## EXERCISE REQUIREMENTS
All entries below are to be reproduced precisely as they stand, without the pictures.

● ● ● ●

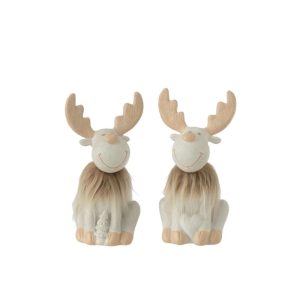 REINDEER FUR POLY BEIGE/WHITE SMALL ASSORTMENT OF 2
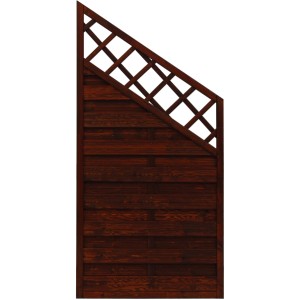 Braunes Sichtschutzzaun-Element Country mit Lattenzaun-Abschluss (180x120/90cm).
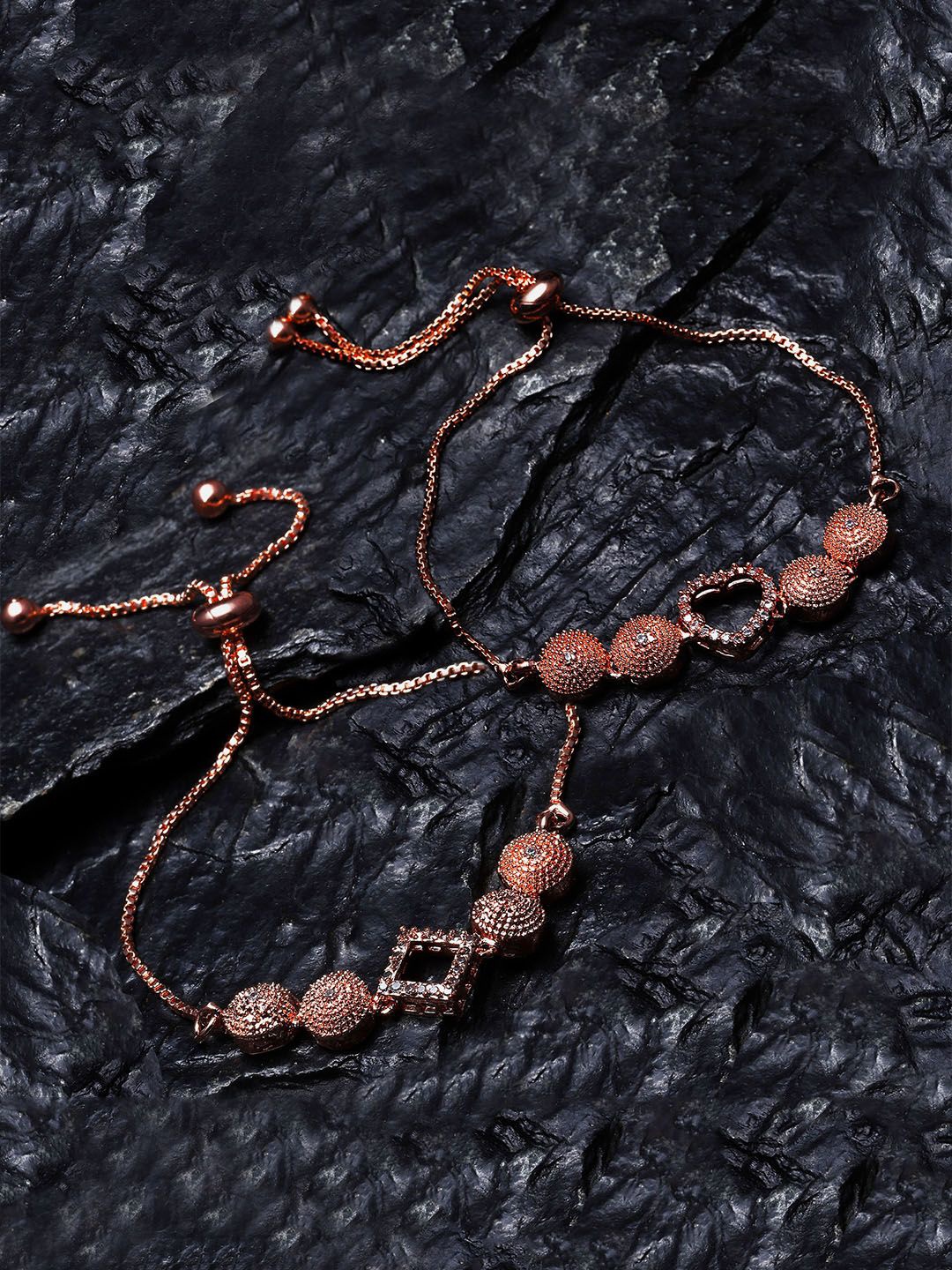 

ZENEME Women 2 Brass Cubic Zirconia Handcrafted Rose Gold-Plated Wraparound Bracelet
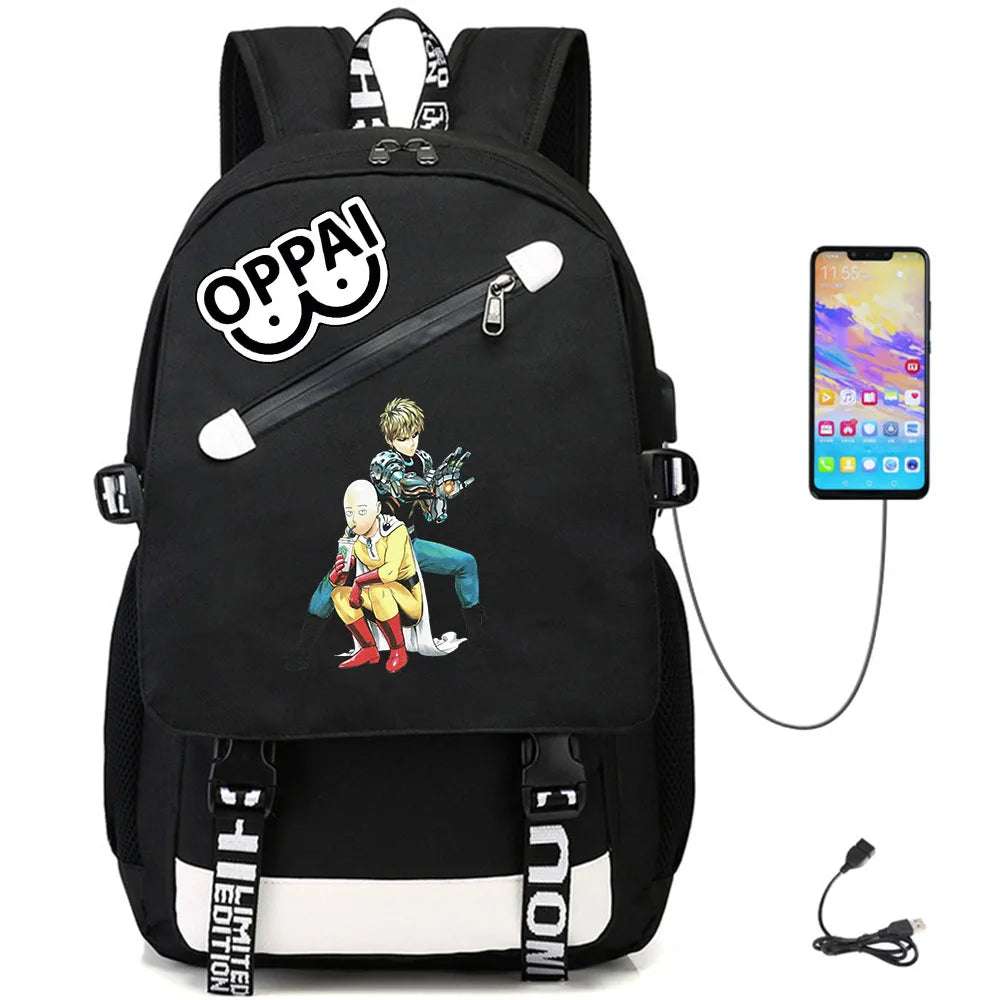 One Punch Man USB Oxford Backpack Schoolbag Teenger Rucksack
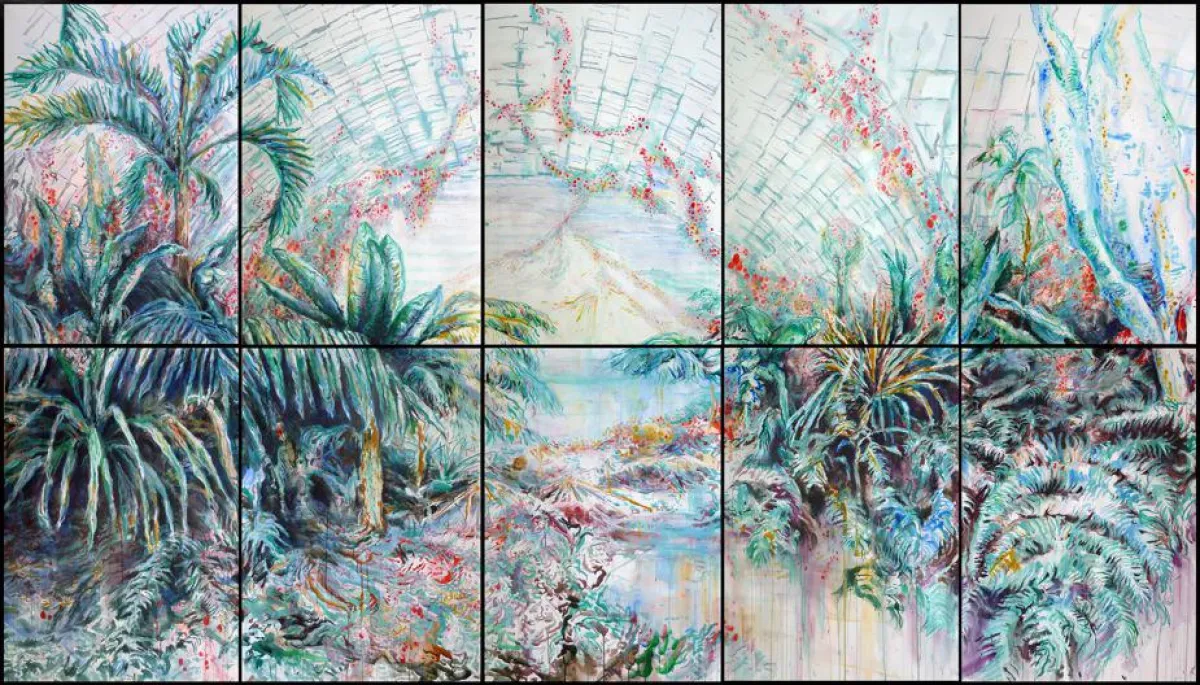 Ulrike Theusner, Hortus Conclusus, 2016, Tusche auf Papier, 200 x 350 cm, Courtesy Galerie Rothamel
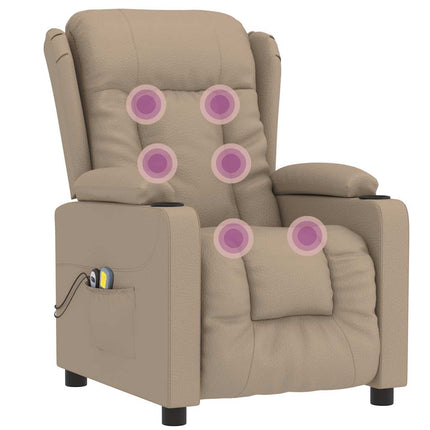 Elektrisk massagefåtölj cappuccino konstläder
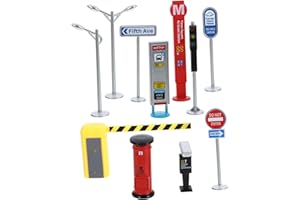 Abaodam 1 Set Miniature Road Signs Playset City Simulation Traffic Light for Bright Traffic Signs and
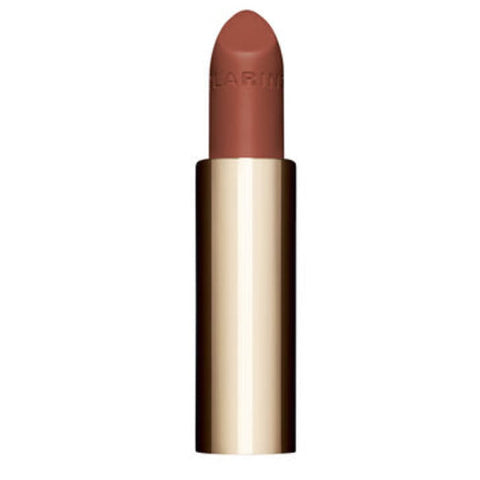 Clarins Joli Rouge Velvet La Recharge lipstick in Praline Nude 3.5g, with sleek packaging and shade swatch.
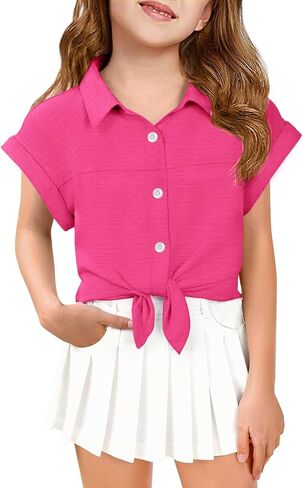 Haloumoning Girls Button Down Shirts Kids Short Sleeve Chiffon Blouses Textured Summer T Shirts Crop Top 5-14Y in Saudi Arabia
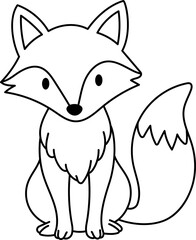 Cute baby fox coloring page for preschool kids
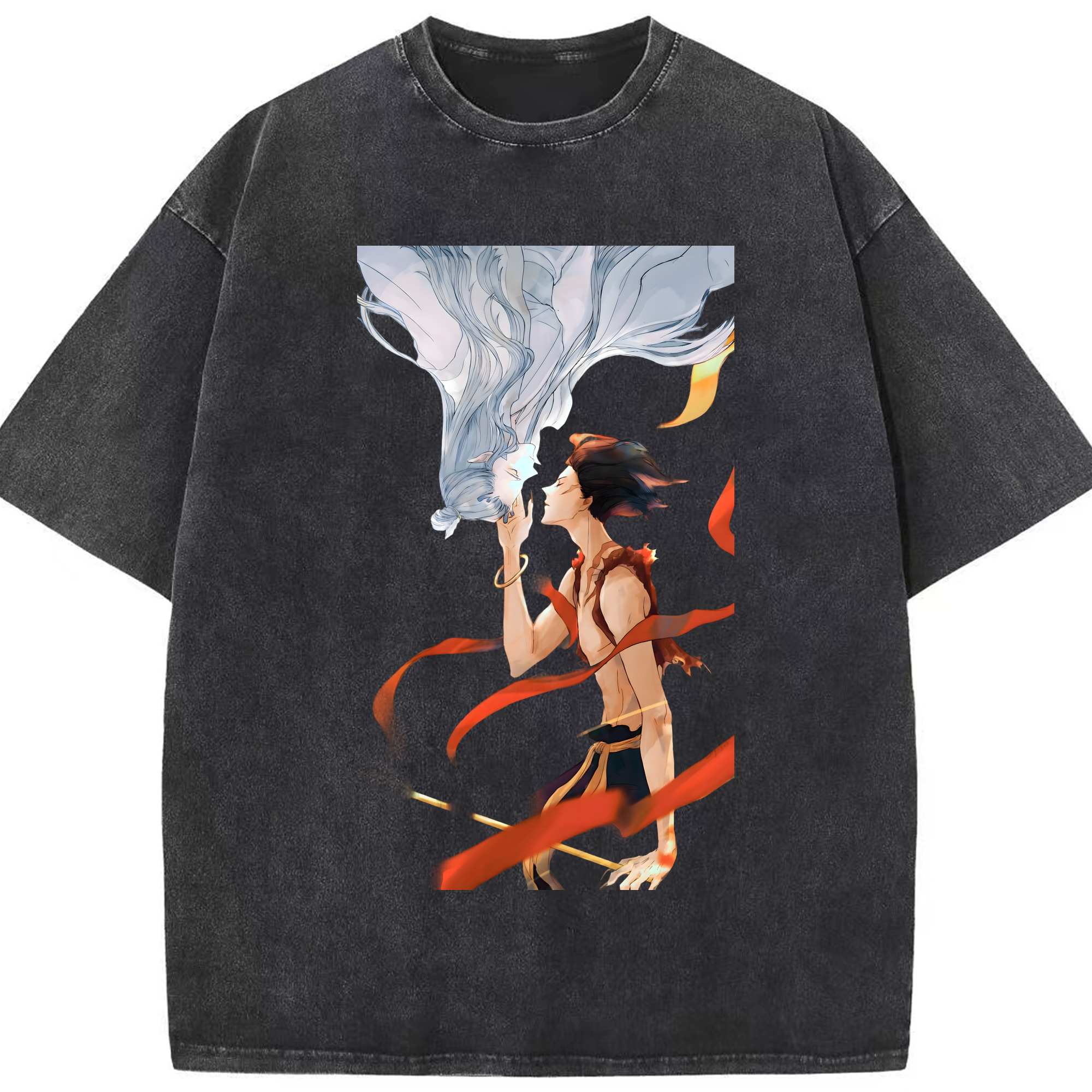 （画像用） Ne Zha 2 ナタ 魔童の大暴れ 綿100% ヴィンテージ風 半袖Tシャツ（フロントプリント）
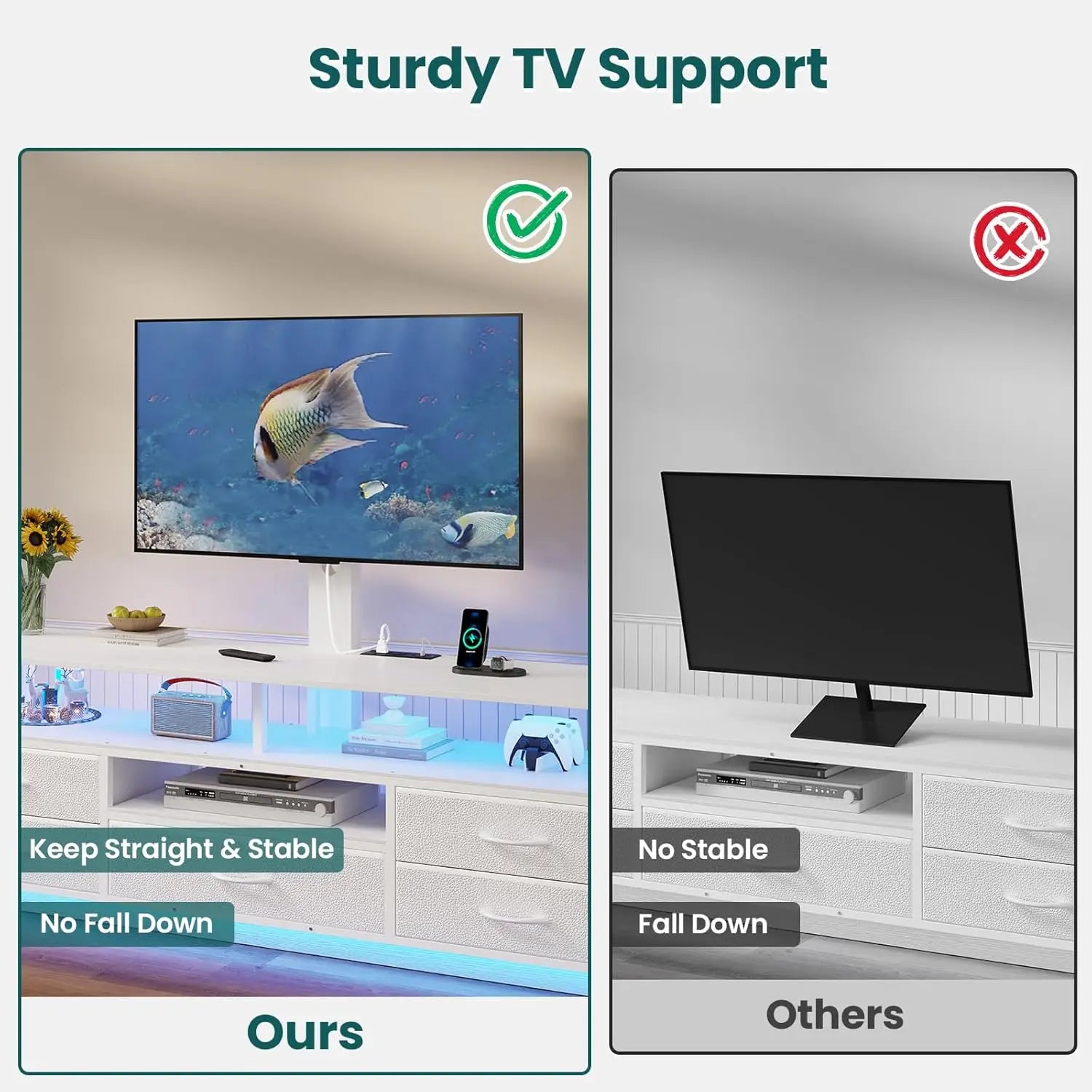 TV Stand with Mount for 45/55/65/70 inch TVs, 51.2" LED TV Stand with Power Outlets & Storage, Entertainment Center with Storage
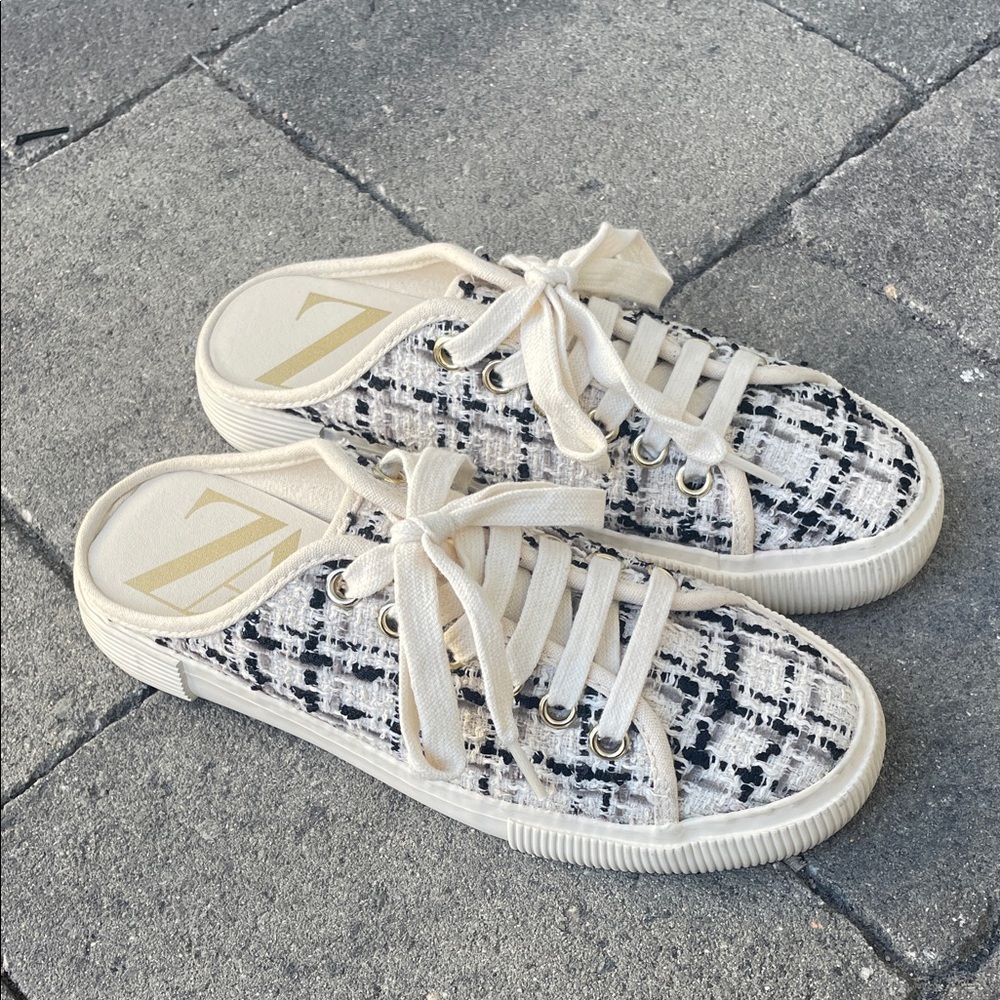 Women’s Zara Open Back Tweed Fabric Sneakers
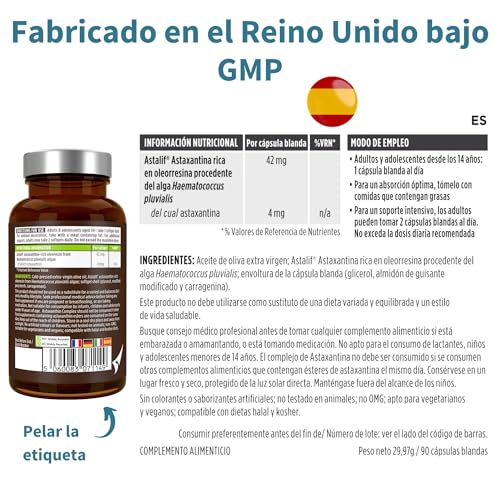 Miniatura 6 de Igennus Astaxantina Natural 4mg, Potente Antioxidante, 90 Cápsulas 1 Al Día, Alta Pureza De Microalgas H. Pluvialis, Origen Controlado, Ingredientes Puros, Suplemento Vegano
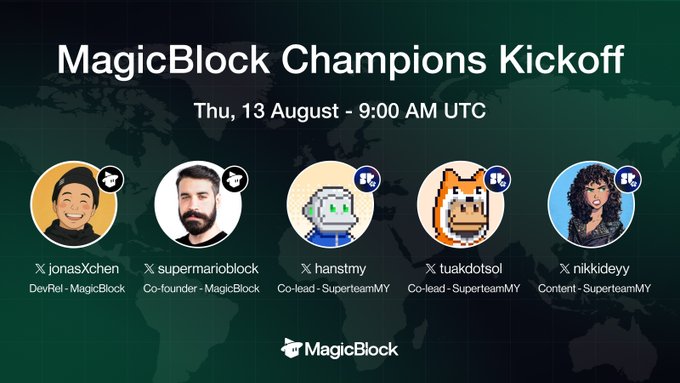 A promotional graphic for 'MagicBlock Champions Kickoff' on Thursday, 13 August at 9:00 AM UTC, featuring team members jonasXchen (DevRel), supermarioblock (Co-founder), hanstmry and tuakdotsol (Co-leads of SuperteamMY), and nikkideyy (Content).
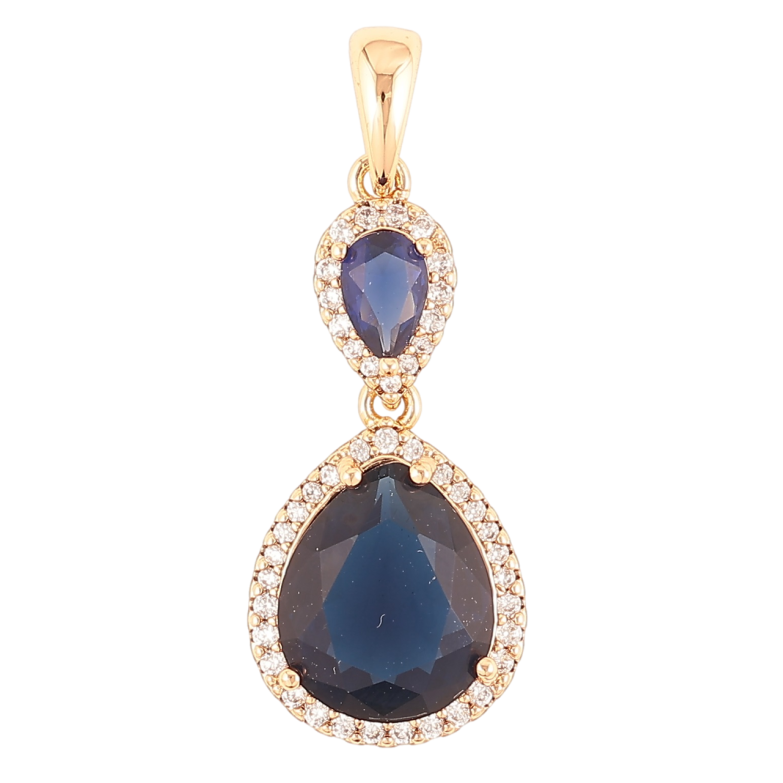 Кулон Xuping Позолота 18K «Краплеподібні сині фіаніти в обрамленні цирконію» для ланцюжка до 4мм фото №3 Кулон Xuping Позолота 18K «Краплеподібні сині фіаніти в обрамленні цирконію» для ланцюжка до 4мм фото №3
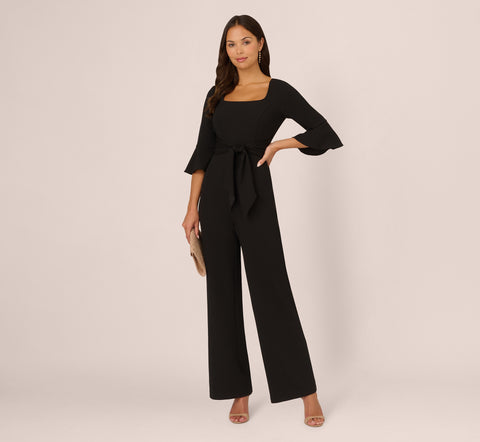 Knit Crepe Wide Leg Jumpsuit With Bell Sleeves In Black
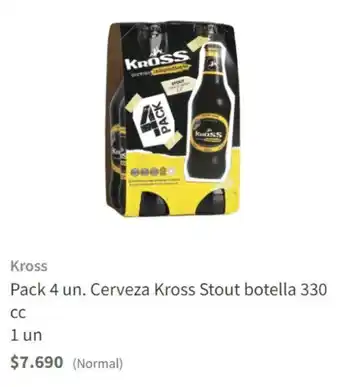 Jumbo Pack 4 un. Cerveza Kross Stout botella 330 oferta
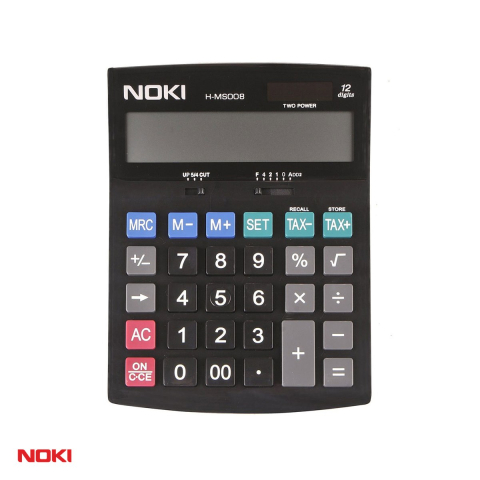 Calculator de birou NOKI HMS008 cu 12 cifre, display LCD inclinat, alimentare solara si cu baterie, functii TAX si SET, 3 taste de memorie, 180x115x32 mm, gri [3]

● ● ● ●

## RESPONSE
 REINDEER FUR POLY BEIGE/WHITE SMALL ASSORTMENT OF 2
 Braunes Sichtschutzzaun-Element Country mit Lattenzaun-Abschluss (180x120/90cm).

ZENEME Women 2 Brass Cubic Zirconia Handcrafted Rose Gold-Plated Wraparound Bracelet
 One Punch Man USB Oxford Backpack Schoolbag Teenger Rucksack
 Ulrike Theusner, Hortus Conclusus, 2016, Tusche auf Papier, 200 x 350 cm, Courtesy Galerie Rothamel
 Elektrisk massagefåtölj cappuccino konstläder
 Abaodam 1 Set Miniature Road Signs Playset City Simulation Traffic Light for Bright Traffic Signs and
 Clarins Joli Rouge Velvet La Recharge lipstick in Praline Nude 3.5g, with sleek packaging and shade swatch.
 Haloumoning Girls Button Down Shirts Kids Short Sleeve Chiffon Blouses Textured Summer T Shirts Crop Top 5-14Y in Saudi Arabia
 Cute baby fox coloring page for preschool kids
 （画像用） Ne Zha 2 ナタ 魔童の大暴れ 綿100% ヴィンテージ風 半袖Tシャツ（フロントプリント）
 TV Stand with Mount for 45/55/65/70 inch TVs, 51.2" LED TV Stand with Power Outlets & Storage, Entertainment Center with Storage
 Women’s Zara Open Back Tweed Fabric Sneakers
 Miniatura 6 de Igennus Astaxantina Natural 4mg, Potente Antioxidante, 90 Cápsulas 1 Al Día, Alta Pureza De Microalgas H. Pluvialis, Origen Controlado, Ingredientes Puros, Suplemento Vegano
 A promotional graphic for 'MagicBlock Champions Kickoff' on Thursday, 13 August at 9:00 AM UTC, featuring team members jonasXchen (DevRel), supermarioblock (Co-founder), hanstmry and tuakdotsol (Co-leads of SuperteamMY), and nikkideyy (Content).
 Кулон Xuping Позолота 18K «Краплеподібні сині фіаніти в обрамленні цирконію» для ланцюжка до 4мм фото №3 Кулон Xuping Позолота 18K «Краплеподібні сині фіаніти в обрамленні цирконію» для ланцюжка до 4мм фото №3
 Knit Crepe Wide Leg Jumpsuit With Bell Sleeves In Black
 Jumbo Pack 4 un. Cerveza Kross Stout botella 330 oferta
 Calculator de birou NOKI HMS008 cu 12 cifre, display LCD inclinat, alimentare solara si cu baterie, functii TAX si SET, 3 taste de memorie, 180x115x32 mm, gri [3]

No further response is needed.